EXERCISE OBJECTIVE
With pictures left out, set down exactly the lines from the line containing "Two young beautiful" through the last line of the data.

(Extracted records)
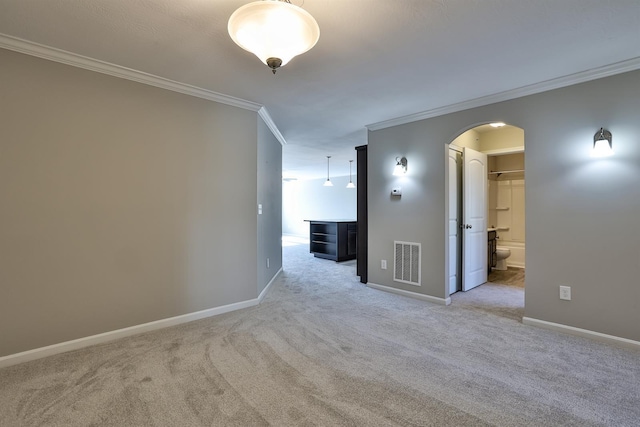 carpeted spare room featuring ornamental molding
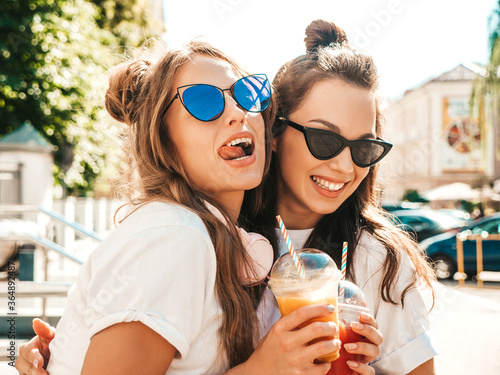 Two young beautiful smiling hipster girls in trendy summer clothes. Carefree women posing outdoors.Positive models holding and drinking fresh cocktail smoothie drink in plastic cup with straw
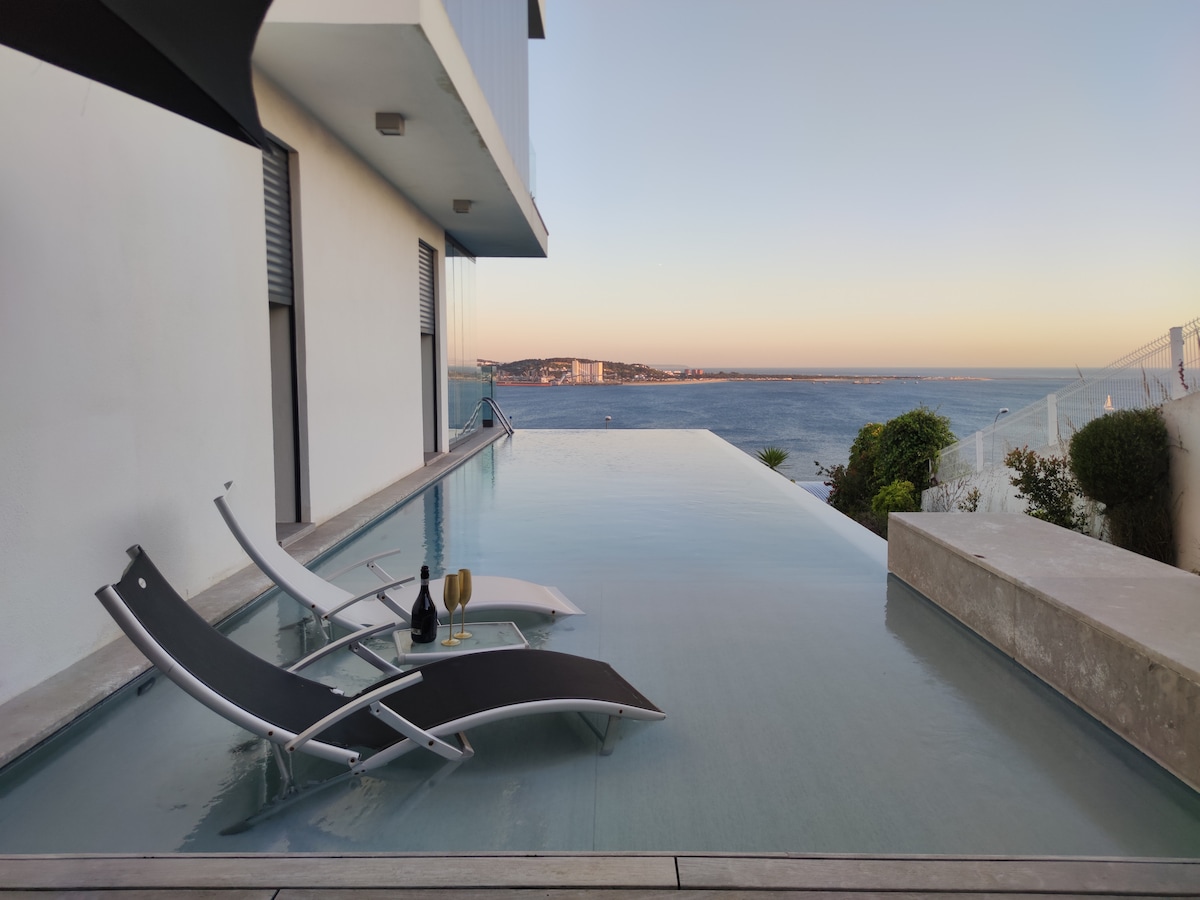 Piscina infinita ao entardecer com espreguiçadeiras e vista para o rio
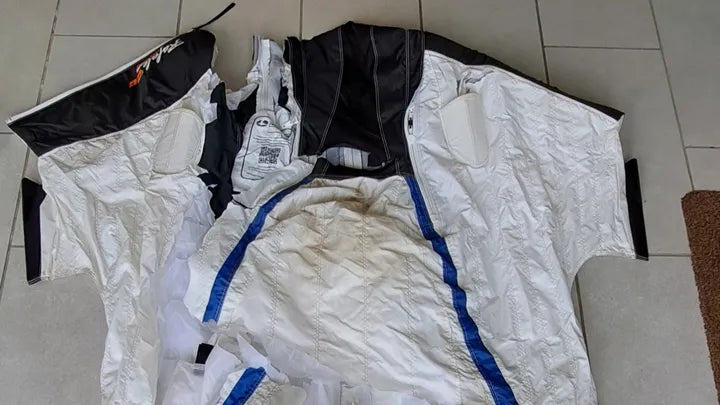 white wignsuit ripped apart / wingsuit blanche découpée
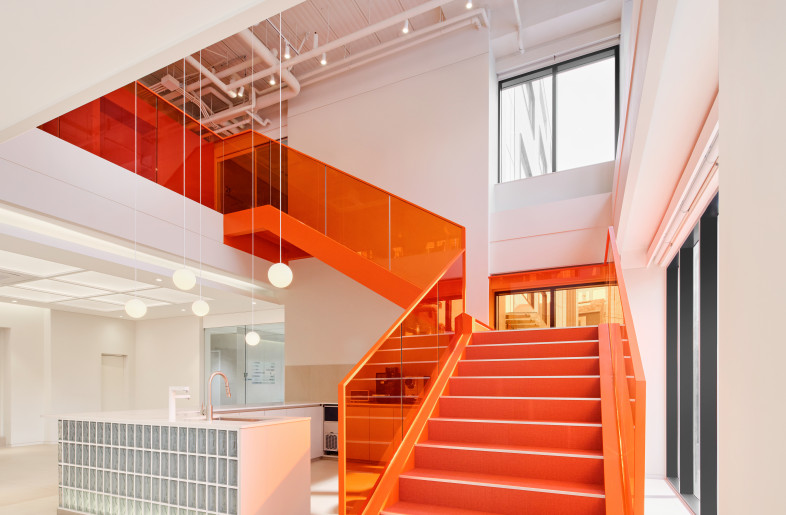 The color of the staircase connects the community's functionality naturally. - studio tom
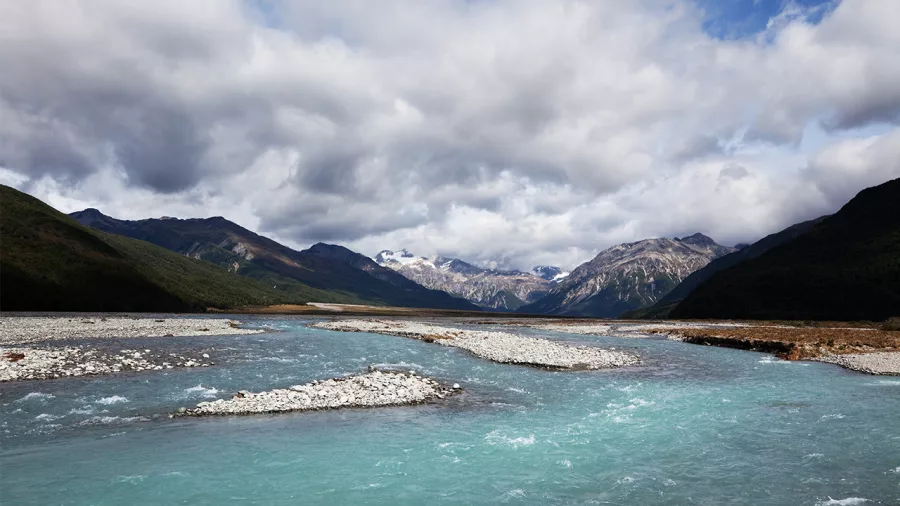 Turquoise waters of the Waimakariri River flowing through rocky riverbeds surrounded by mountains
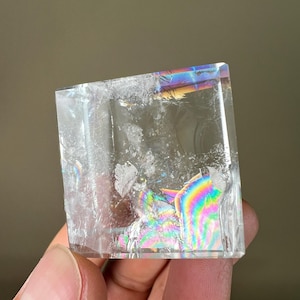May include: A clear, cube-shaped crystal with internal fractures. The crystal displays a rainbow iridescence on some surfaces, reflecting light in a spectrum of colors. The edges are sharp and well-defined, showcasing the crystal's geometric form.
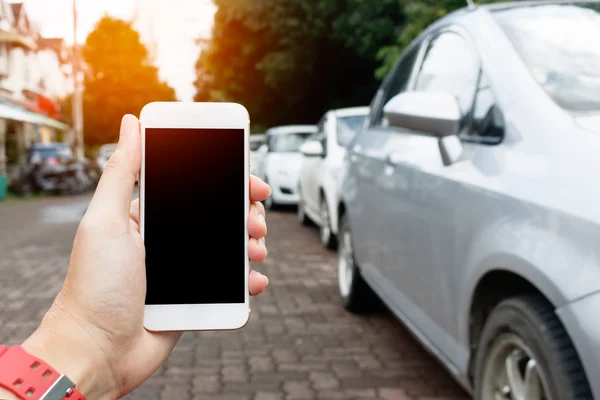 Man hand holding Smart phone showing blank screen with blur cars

ANSWER TO THIS EXERCISE
 Two young beautiful smiling hipster girls in trendy summer clothes. Carefree women posing outdoors.Positive models holding and drinking fresh cocktail smoothie drink in plastic cup with straw
 Piscina infinita ao entardecer com espreguiçadeiras e vista para o rio
 white wignsuit ripped apart / wingsuit blanche découpée
 The color of the staircase connects the community's functionality naturally. - studio tom
 Turquoise waters of the Waimakariri River flowing through rocky riverbeds surrounded by mountains
May include: A clear, cube-shaped crystal with internal fractures. The crystal displays a rainbow iridescence on some surfaces, reflecting light in a spectrum of colors. The edges are sharp and well-defined, showcasing the crystal's geometric form.
 Man hand holding Smart phone showing blank screen with blur cars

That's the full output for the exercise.